How to Make Sure Your Family Business Survives the Transition Between Generations

Fewer than one third of family businesses survive the transition between generations; Estera looks at what advisers can do to increase their chances of success.

Much has been written about the vast transfer of wealth from first generation to second that is set to take place over the coming decades. Along with that wealth transfer comes the handover of family businesses. Estera recently gathered a round table of wealth advisers to discuss the implications and how they work with clients to ensure a smooth business succession.


According to Forbes magazine, fewer than one third of family businesses survive the transition from first to second generation ownership and a further 50% fall at the transition from second generation to third. As millions of family businesses are set to make another generational transition, Estera examines the priorities for facilitating the arrangements as fairly and as successfully as possible.

Richard Prosser, Group Director at Estera spoke at the roundtable saying "Advisers, such as Estera, are experienced in helping clients through this potential minefield. There is an enormous amount for clients and their families to consider and we can use our knowledge of the family and our technical expertise to help achieve a successful outcome for everyone involved."


The priorities in preparing for the transition of family businesses between generations involve, establishing and communicating the overall vision and culture of the business, the best corporate structure, and whom in the family is in the best position to take up the reins; a leadership role may not be for everybody and this needs to be examined sensitively and equitably.


A family charter or constitution, ahead of the handover, setting out its priorities can help with these discussions, and serve to prevent or manage disagreements. Marrying the values of the family with the strategy of the business and its corporate governance can provide a clear framework for successful transition over the long term.

Nick Barran, Managing Director, Rothschild & Co Wealth Management, spoke at the roundtable about family business succession "the idea of an archive, a record of the endeavours of the family, is really important.

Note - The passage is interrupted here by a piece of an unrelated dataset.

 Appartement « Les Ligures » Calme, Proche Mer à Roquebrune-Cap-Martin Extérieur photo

It is a great basis upon which the constitution can be linked. After two generations, on what basis did the settlor make the money? What were the principles? That can be quite important."

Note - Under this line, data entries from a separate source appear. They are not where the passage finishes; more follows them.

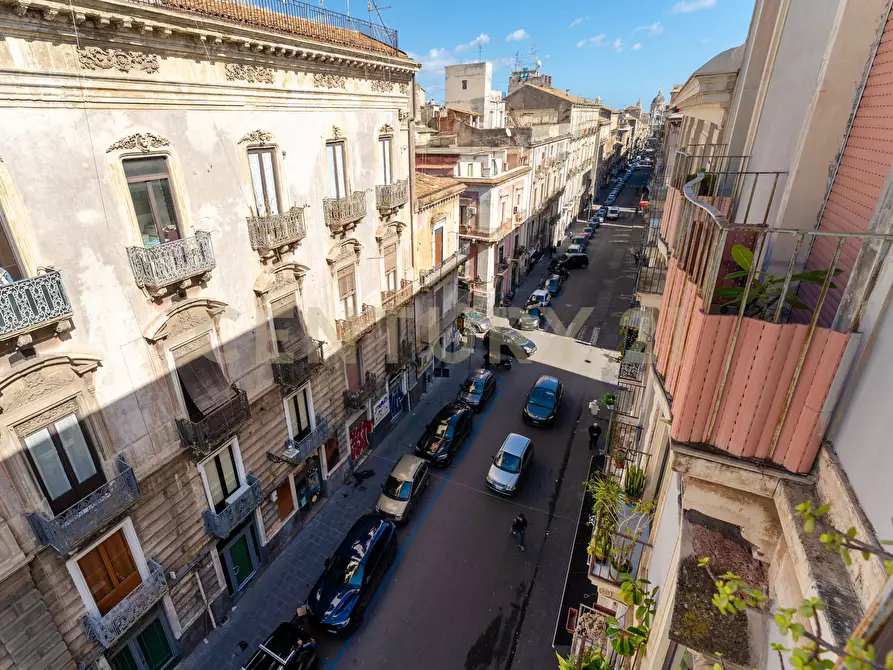 Immagine 25 di Pentalocale in vendita  in Via Giuseppe Garibaldi 179 a Catania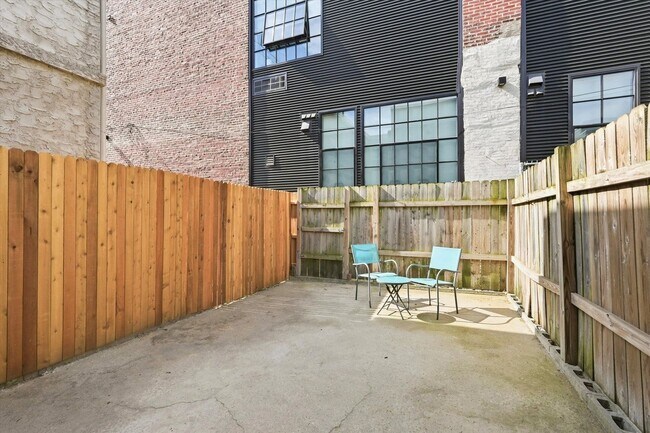 Building Photo - 2504 Manton St
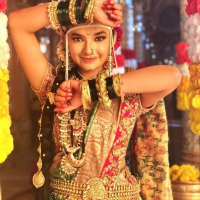 Anushka Sen13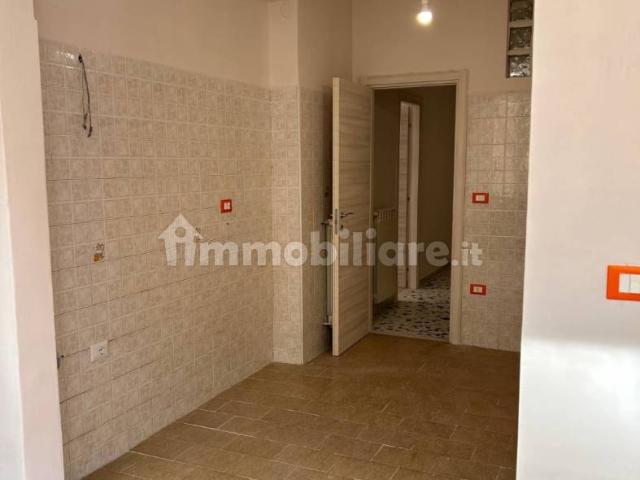 Trilocale via Guglielmo Oberdan 16, Anfiteatro, Pozzuoli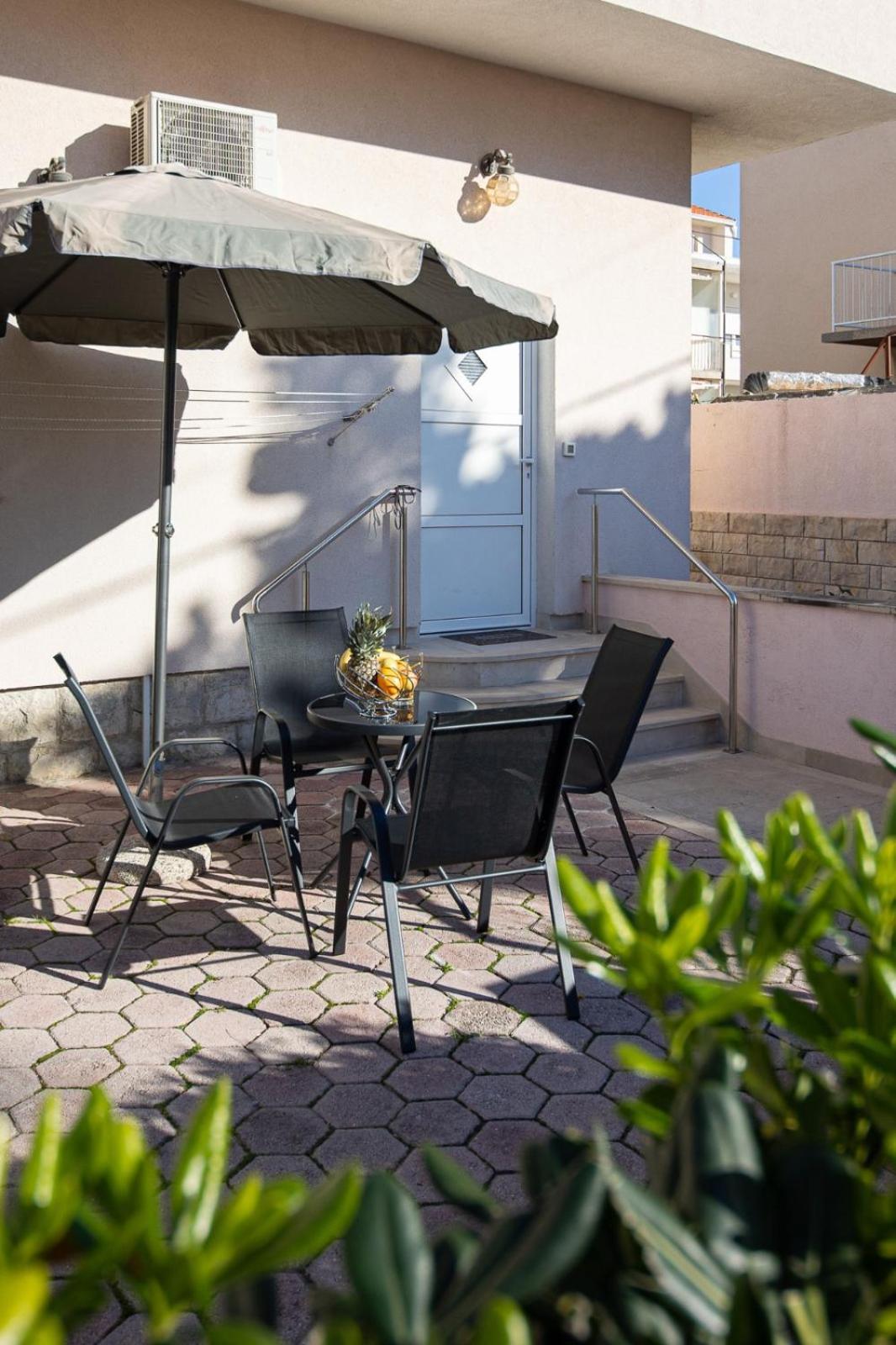 Apartment Neva Split Bagian luar foto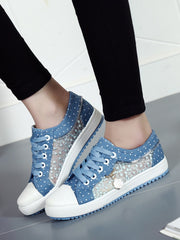 Load image into Gallery viewer, Lace &amp; Canvas Sneakers
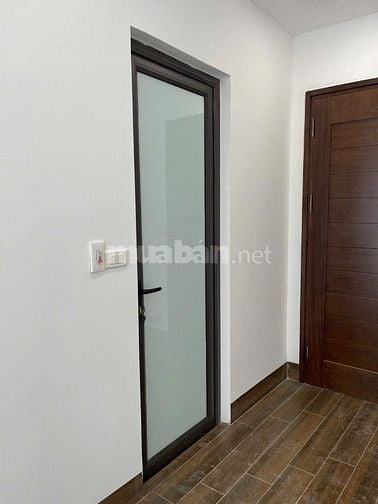 Bán nhà DT 46 m2 x 6 tầng oto chạy qua, tại 17 ngõ 54 đường Âu Cơ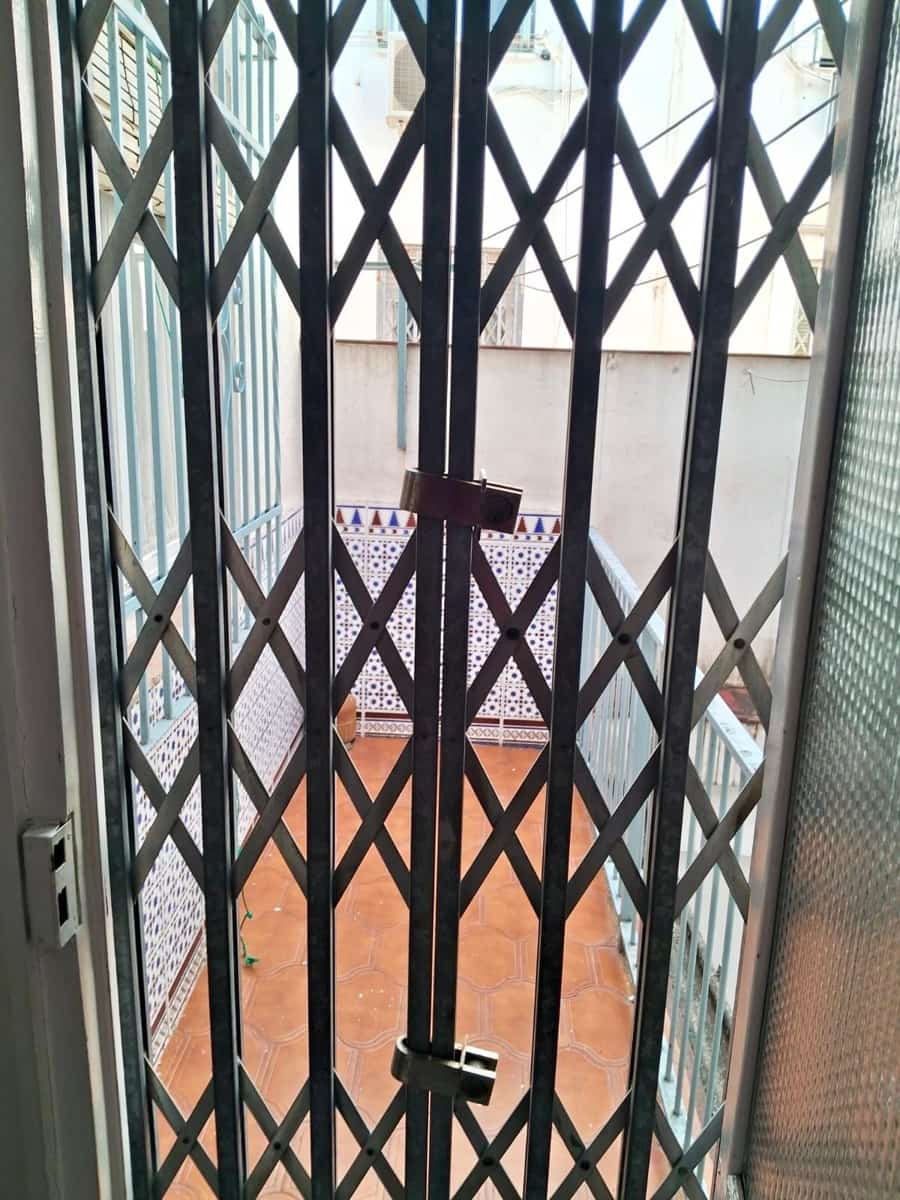 3 bedroom Flat for sale in Cordoba city - € 153,500 (Ref: 9690690)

There may also be discussions to be had about possible liquidity events. Nick Barran adds "Lots of families have an operating business and there are tensions because there may be family members who would like a chunk of value from that business. There may be third-party management in the business and the family has stepped back from it, which only increases the tensions. Or there may not be any successor for the business, creating lots of issues around how to advise on that corporate structure."

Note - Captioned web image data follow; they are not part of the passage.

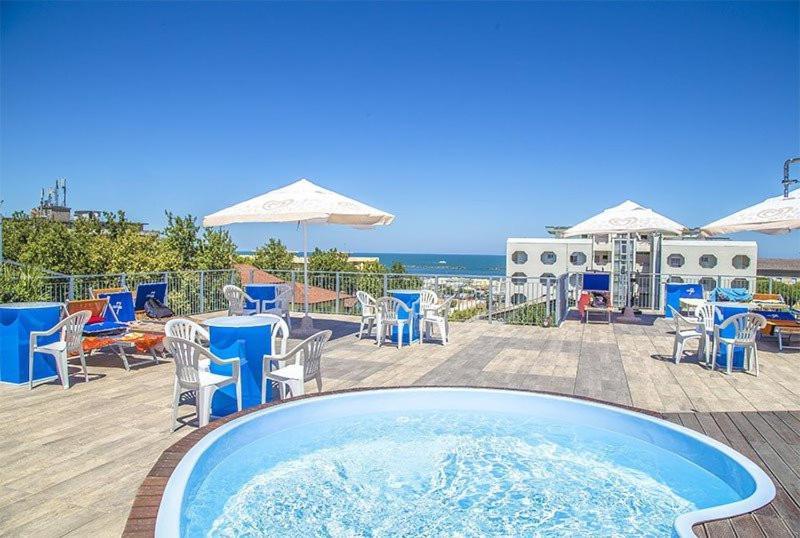 Hotel Leonardo チェゼナーティコ エクステリア 写真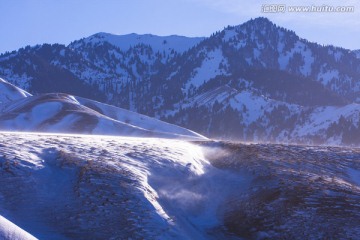 雪山  高原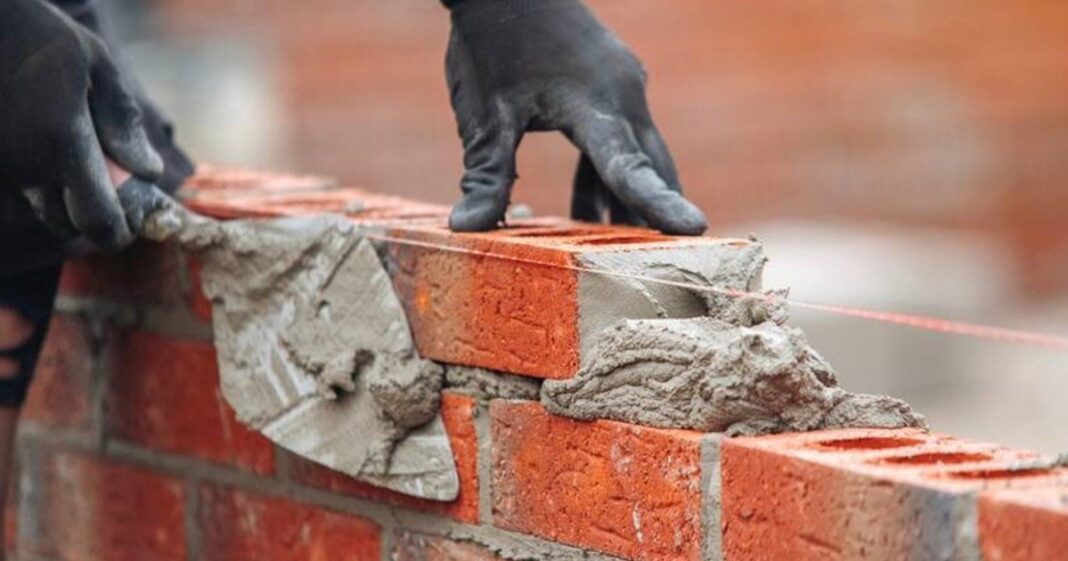 Albañil trabajando en una obra en España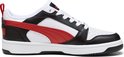 Witte sneaker met zwarte en rode Puma-strepen op de zijkant, witte veters en een rode lus aan de achterkant.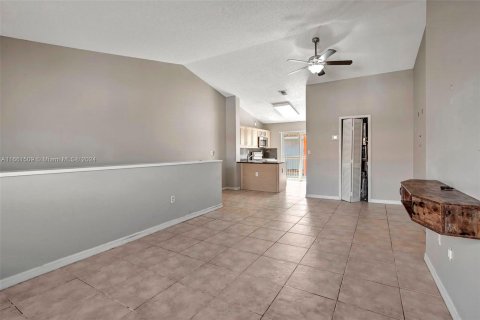 Copropriété à vendre à Hialeah, Floride: 3 chambres, 117.99 m2 № 1380217 - photo 10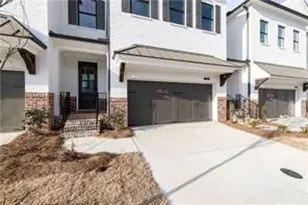 816 Dodd Trl, Buford, GA 30518 - Photo 2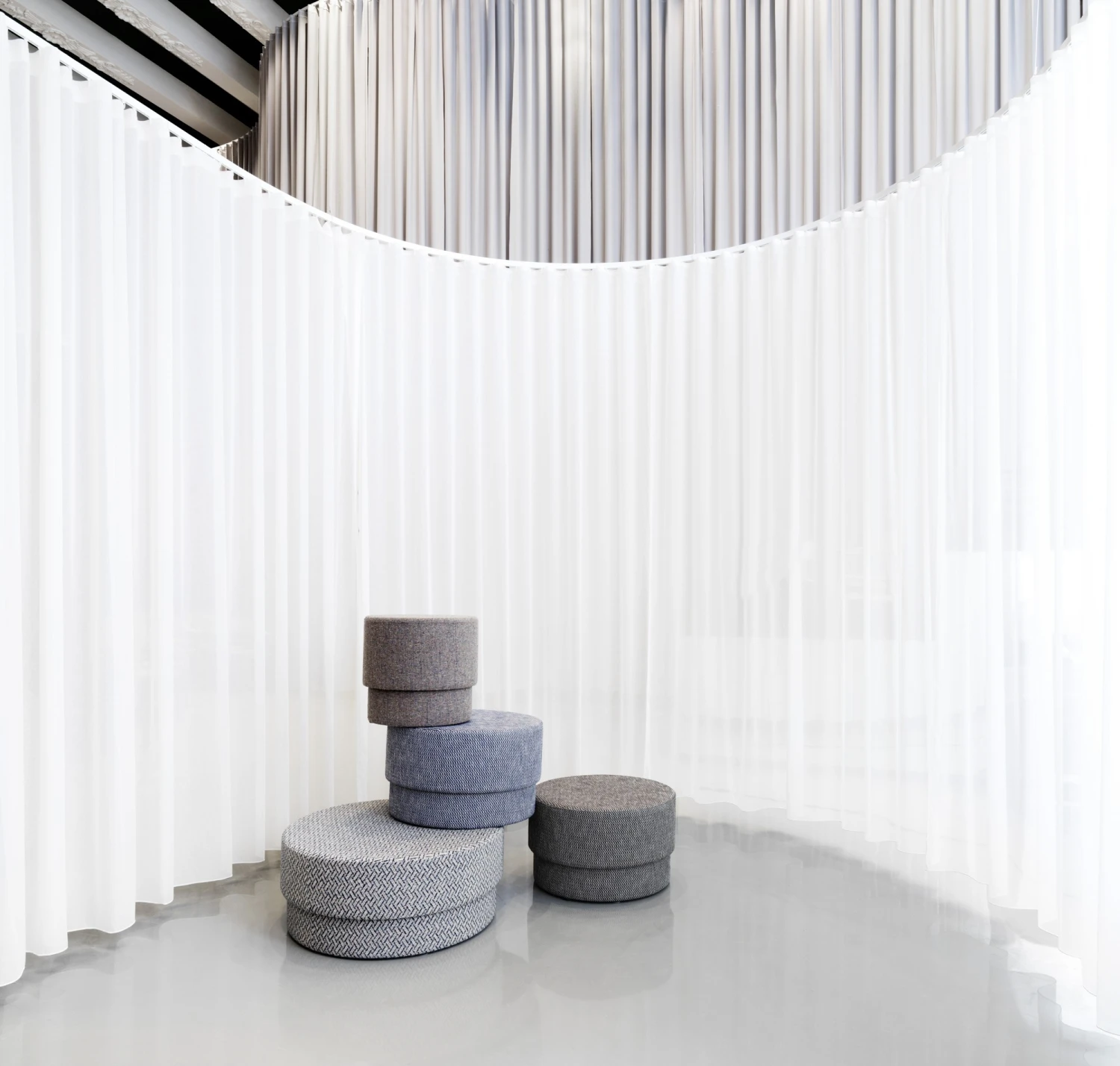 Normann Copenhagen Silo Pouf Large Piazza Gray/ Wynwood 10 - Image 4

Matthew Braithwaite, Partner at Wedlake Bell, adds "You can set up an ownership structure where people are looked after well. You can remunerate third-party management and keep family members happy. There is lots of advice that can be given on that corporate side."


It is most unusual to be able to have all of the members of the next generation as directors of a company; it's important to make sure that those who do take up the roles are doing so for the right reasons, as a result of genuine interest, being the best fit, and not just to line up for financial rewards.

Matthew Braithwaite confirms "It is where you bring the next generation on board, if they want to be brought on board. Not everybody wants to be, so it is about acknowledging that and thinking about how you incentivise those who do, but equally recognise the entitlement of those who do not. That is a challenge as well."

It can be challenging to advise the founder on decision-making leading up to the handover process and communicating to children that they do not automatically have a right to work in the business if they are not suitable for it. As families become larger and more diverse, and founders tend to stay in businesses until they are older, this situation is arising with greater frequency, and can easily lead to conflict if the founder and family are not well advised.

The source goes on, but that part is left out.